The present invention relates to control systems of the type having a plurality of remotely located process control units connected together through a communications link and, more particularly, to a control system in which each of the remote units sequentially assumes supervisory communication control of the communication link.
Many system type industrial installations, for example, those related to industrial process-type manufacturing and electrical power generation, employ a large number of physically distributed controlled devices and associated sensors for effecting coordinated operation of the overall system. In the past, coordinated control of the various devices has been achieved by manual operation and various types of semi-automatic and automatic control systems including electro-magnetic relay systems, hardwired solid-state logic systems, and various types of computer control systems. The computer systems have included central systems in which the various sensors and controlled devices are connected to a central computer and distributed control systems in which computers at remote stations are connected to the controlled devices and the remote stations are connected over a communications link to one another. The successful functioning of the control system is vital to any industrial process, and, accordingly, distributed systems have generally been preferred over central systems because the failure of one of the remotely located control computers generally does not cause a system wide failure as in the case of the failure of the central computer in the central system. However, in many distributed computer systems, one of the remote stations or a specially designed control unit generally handles supervisory communication control of the communication link and, for these systems, failure of the communication link supervisor can lead to a system-wide failure.

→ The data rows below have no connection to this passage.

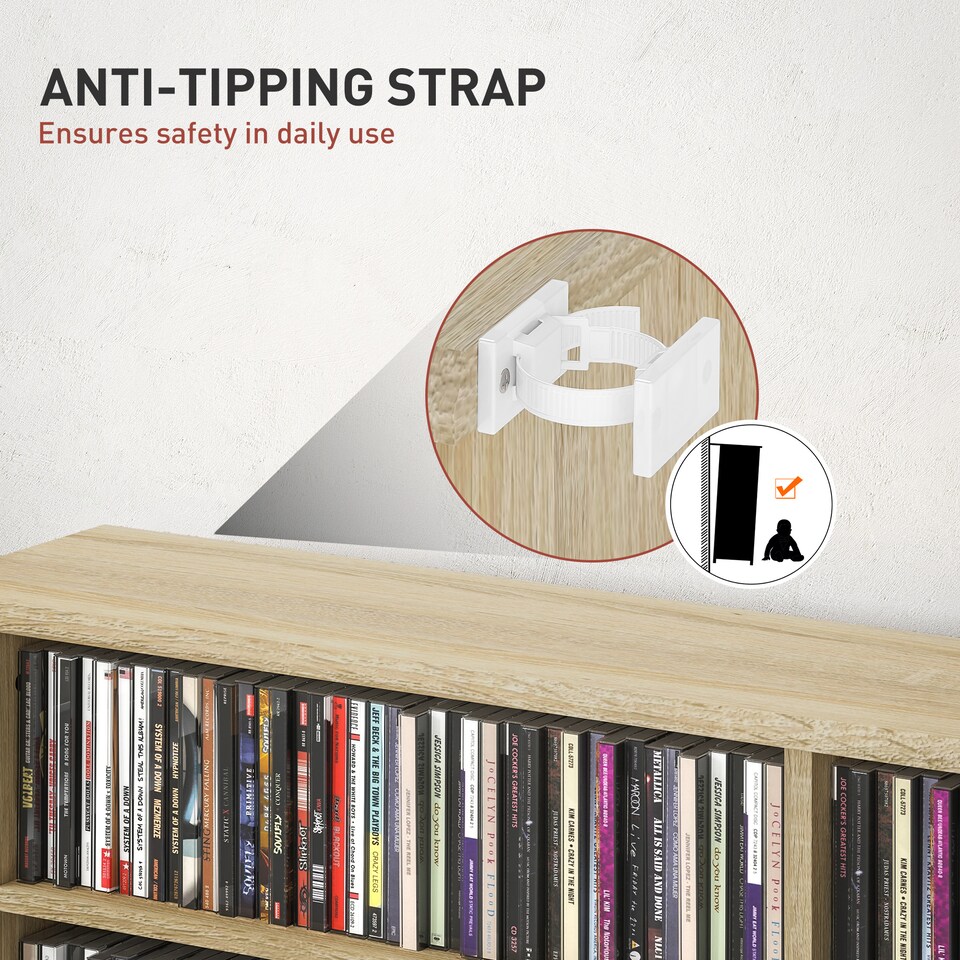 image 1 of HOMCOM 720 CD396 DVD Storage Unit, 396 Blu-ray Media Storage Shelf with 16 Compartments and 12 Adjustable Shelves, CD Tower for Living Room, Bedroom, Office, Nature Wood Finish | Brown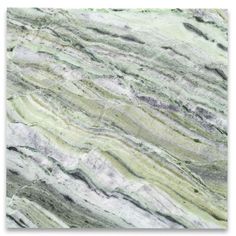 green marble textured with white and grey streaks on the top, as seen from above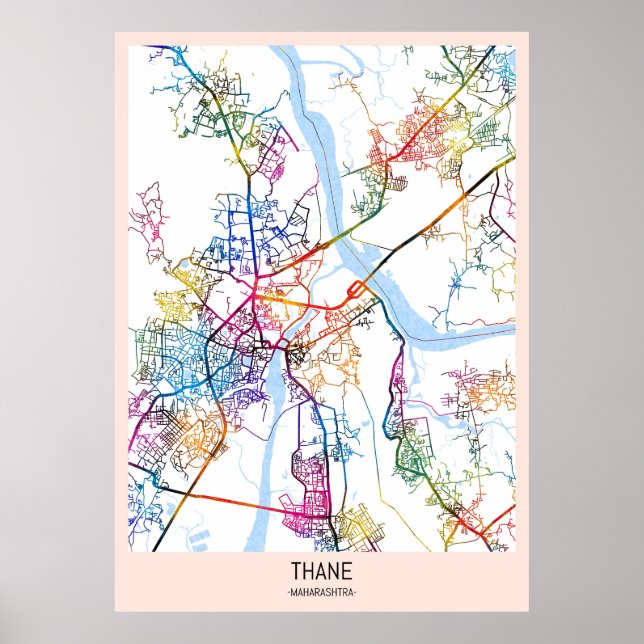 Thane Maharashtra Karta Poster (Framsidan)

Recently there have been developed systems in which none of the remote stations, called remotes, is assigned permanent supervisory control over the communications link. Instead, each of the remotes takes turns controlling the communications link and, while in control, each remote may transmit information to other remotes and make requests to other remotes for information and receive information back in response to these requests. One such system is disclosed in the patent to Michael E. Cope, Pat. No. 4,304,001. In the system of this patent, each remote is assigned a unique sequence number in a predetermined succession order with each remote unit assuming supervisory communication control of the communications link on a revolving basis in accordance with the remote's relative position in the succession order. When one of the remote stations is in control of the communications link and it is time for that remote to relinquish control over the communications link, it does so by transmitting a control message addressed to the next remote in the succession order. The next successive remote addressed by the control message then takes over the communications link. The remaining remote stations, other than the next successive remote, all set variable transfer monitor timers depending on their position in the succession order from the next successive remote. The further a given remote is from the next successive remote, the longer the time out interval that is set in the transfer monitor timer for the given remote. Each of the remotes is designed to assume control over the communications link if the time interval set by its transfer monitor timer expires before a preceding remote in the succession order assumes control. In this manner, if one or more of the remotes for any reason fails to take control over the communications link, the next functioning remote in the succession order will take over control.